An American scientist Chris Combs, Assistant Professor in Aerodynamics at the University of Texas at San Antonio (UTSA) had earlier said that Only “upon extraterrestrial return (Moon, Mars, etc.)” can Mach 30 speeds be seen, implying that “until they start launching missiles from the Moon, this isn’t even really military.”

He also brought up the issue of detonation-driven shock tunnels, claiming that they “change the air chemistry to the point where the aero no longer represents flight.”

The Hypersonic Tunnel Facility (HTF) at NASA’s Neil A. Armstrong Test Facility in Sandusky, Ohio, is one of the few hypersonic wind tunnels in the United States. That tunnel, which was constructed to test nuclear thermal rocket nozzles, can now test hypersonic flight at speeds of up to Mach 7.

NASA’s 8-Foot High-Temperature Tunnel (HTT) is the largest hypersonic blow-down test facility in the United States, whereas CUBRC’s LENS-II facility can test vehicles up to 30 feet in length.

Earlier in 2019, it was announced that Texas A&M University will be constructing one of the world’s largest wind tunnels for the US Army Futures Command as part of a stepped-up US attempt to create hypersonic weapons.

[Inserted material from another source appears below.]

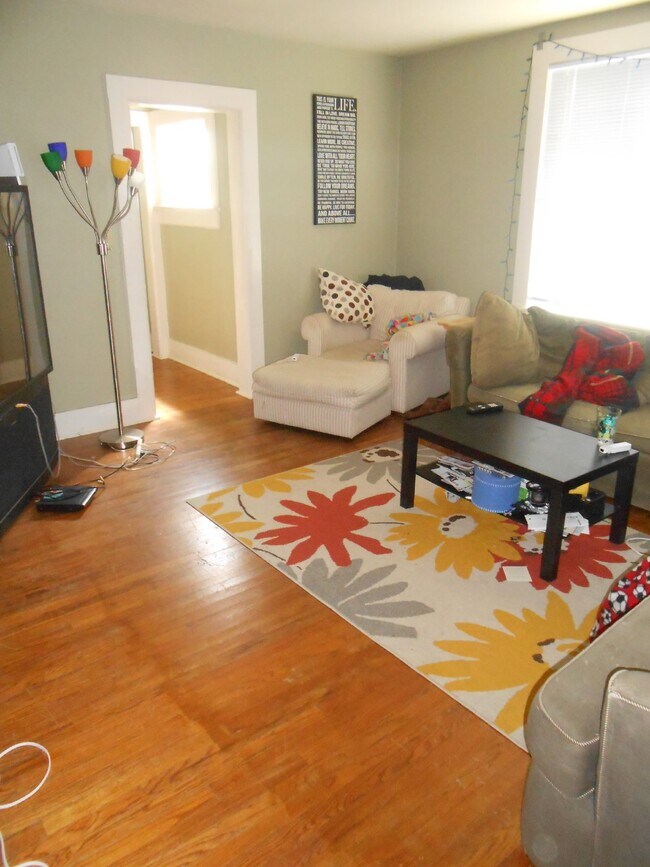 Foto del edificio - 3 Bed 1 Bath close to UWEC! Available June 1st 2025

According to Srikanth Kondapalli, a professor in Chinese Studies, Centre for East Asian Studies, Jawaharlal Nehru University, New Delhi, “As far as the hypersonic wind tunneling or glide vehicle technology is concerned, China does have an edge but it does not necessarily mean anything on the ground. The Chinese have been developing the two main components of hypersonic tech — Glide Vehicles and Wind Tunnels for the last 20 years.

The United States, on the other hand, has been more invested in nuclear issues and strategic weapons. America has traditionally been more focused on the Nuclear Ballistic Missile capability while it was locked in a tussle with the erstwhile USSR. China was not under any radar, neither was any competition with it a priority. It has been only a few years since the United States decided to decouple itself from China and the rivalry followed.

File Image: Talon-A Hypersonic Vehicle

The United States too has hypersonic technology which it likes to most certainly keep classified. A hefty amount was allocated towards augmenting hypersonic capabilities not too long ago. Of course, the urgency towards that end has increased after China carried out a test last year. It was unprecedented and nobody saw it coming. Now, the United States is on its way to match that capability.

Additionally, China does not have an overall edge for the simple reason that it has been trying hard to escape the Intermediate-Range Nuclear Force Treaty that the United States wants to bring it under.

Interestingly, the Chinese and Americans have also collaborated on many launches as could be read on the China Academy of Launch Vehicle Technology. So the bottom line is that even though the Wind Tunneling had taken a somewhat backseat in America, it is now being worked on.

China, on its part, is trying hard to defy any nuclear treaties which is why it denied that its hypersonic test had a nuclear component. It does not have the edge that it claims that it does in the media.”

So, while the American tests for a hypersonic missile have been unsuccessful, they have not stopped working on the program. Additional allocations have been made and work is expected to be progressing as required. Given that, it is too early to say who is leading this hypersonic arms race.